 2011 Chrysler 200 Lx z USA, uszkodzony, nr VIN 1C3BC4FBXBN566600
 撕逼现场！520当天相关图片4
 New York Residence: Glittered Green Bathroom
__________
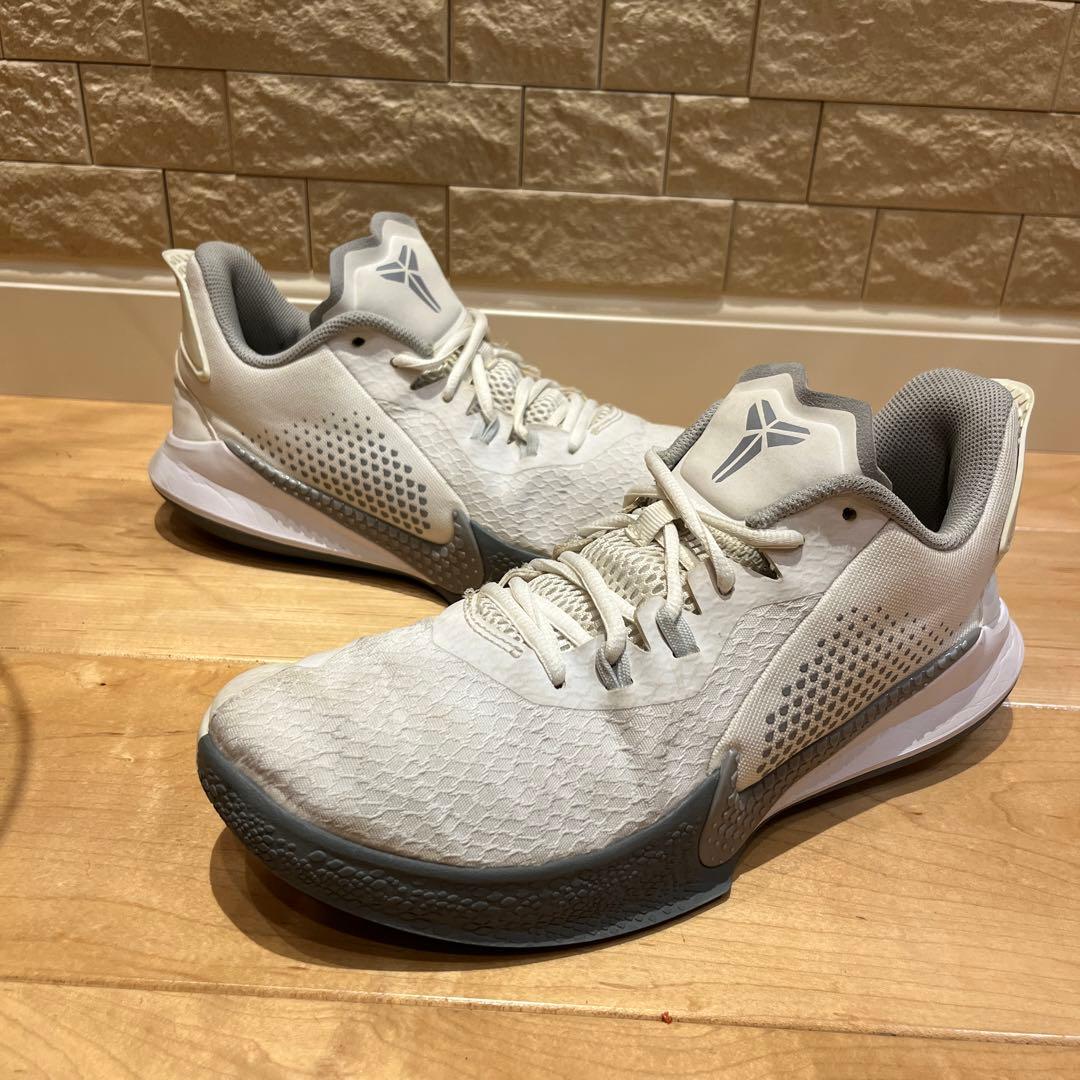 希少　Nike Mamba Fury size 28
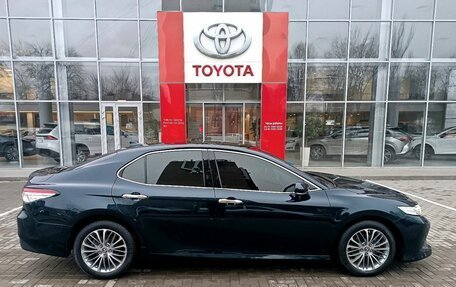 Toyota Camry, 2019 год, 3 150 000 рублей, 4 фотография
__________
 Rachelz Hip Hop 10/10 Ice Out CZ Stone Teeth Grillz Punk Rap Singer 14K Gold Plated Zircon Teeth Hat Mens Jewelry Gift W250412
__________
#### Task to carry out
Copy only the lines above from the one containing "希少　Nike Mamba Fury size 28" through the one containing "Toyota Camry, 2019", both included. Leave out the pictures.

#### Written response
 希少　Nike Mamba Fury size 28
 Toyota Camry, 2019 год, 3 150 000 рублей, 4 фотография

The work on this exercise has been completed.